I remember bathing in freezing waters of a small waterfall somewhere up in the Himalayas (Gauri called it rainbow falls) as she watched out for Peeping Toms. No one was headed towards our secret falls, but just as I finished bathing, I heard Gauri hooting with laughter and pointing upwards. To my eternal chagrin, I found a little goatherd boy watching from the top! I started laughing with her! I remember hopping off buses in little villages to savour hot rotis at roadside dhabas. I remember her coaxing me to speak in Hindi with the villagers (I was terrible and she would laugh heartily). I remember zipping around Delhi with her on her scooter (people in Delhi gawked at women riders those days). Gauri was such a happy-go-lucky soul.

Journalists were badly paid those days (not that we minded, as it was a commitment to us those days) so we had to travel between Delhi and Bengaluru on trains (non-AC ones, mind you). Gauri and I enjoyed the nearly two-day-long journeys, playing Scrabble or Boggle endlessly. I remember a time when I was to return to Bengaluru and Gauri decided to accompany me. It was the end of July and the train journey was a nightmare. We thought we would roast alive in that oppressing heat. Gauri suddenly spied some travellers in the next compartment with an icebox, promptly went to them and asked for some ice cubes to save our lives. She put some ice on my head and said, “Now you won’t die”.

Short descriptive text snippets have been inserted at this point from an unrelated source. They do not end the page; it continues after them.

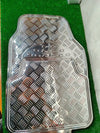 Alfombrillas Coche (4 uds)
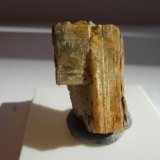 Berilo
3 cm.
(Autor: javier ruiz martin)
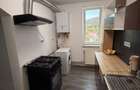 Inchiriez apartament 2 camere renovat in 2026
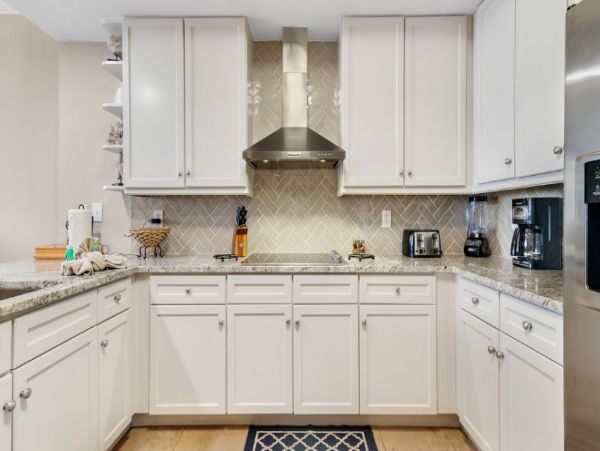 Beautiful Pensacola Gulf Front 3 Bedroom Condo Sleeps 9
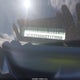3C3CFFHH6GT177050 2016 Fiat 500 Turbo auction photo thumbnail 13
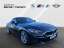 BMW Z4 Roadster sDrive20i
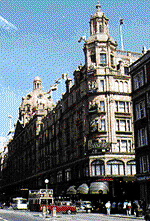 harrods.gif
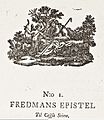 Pastoral head-piece engraving for Fredmans Epistlar.jpg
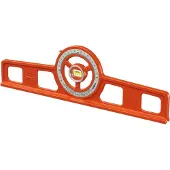 Stanley 1-42-262 Alu spirit level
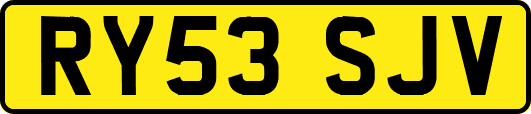 RY53SJV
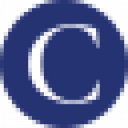 Capstone Medical Assoc logo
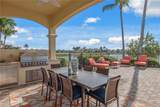 9322 Chiasso Cove Ct - Photo 32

Gauri was my child’s godmother, although she used to tell me that she wasn’t much of a godmother as she rarely got to meet my little one. We drifted apart after she returned to take over her father’s legacy and I got busy in my motherhood avatar. We spoke to each other once in a while and met once in a couple of years even though we were both in Bengaluru. She had her priorities and I mine. We would call and speak when we missed each other.

I got to spend three days with her earlier in June in the strangest of ways; and we just took off exactly where we had left off. Two weeks ago, she called me in the middle of the night, just to talk. We did for a long time and that was the last I heard from my Gauri, the most genuine of all human beings I have ever come across.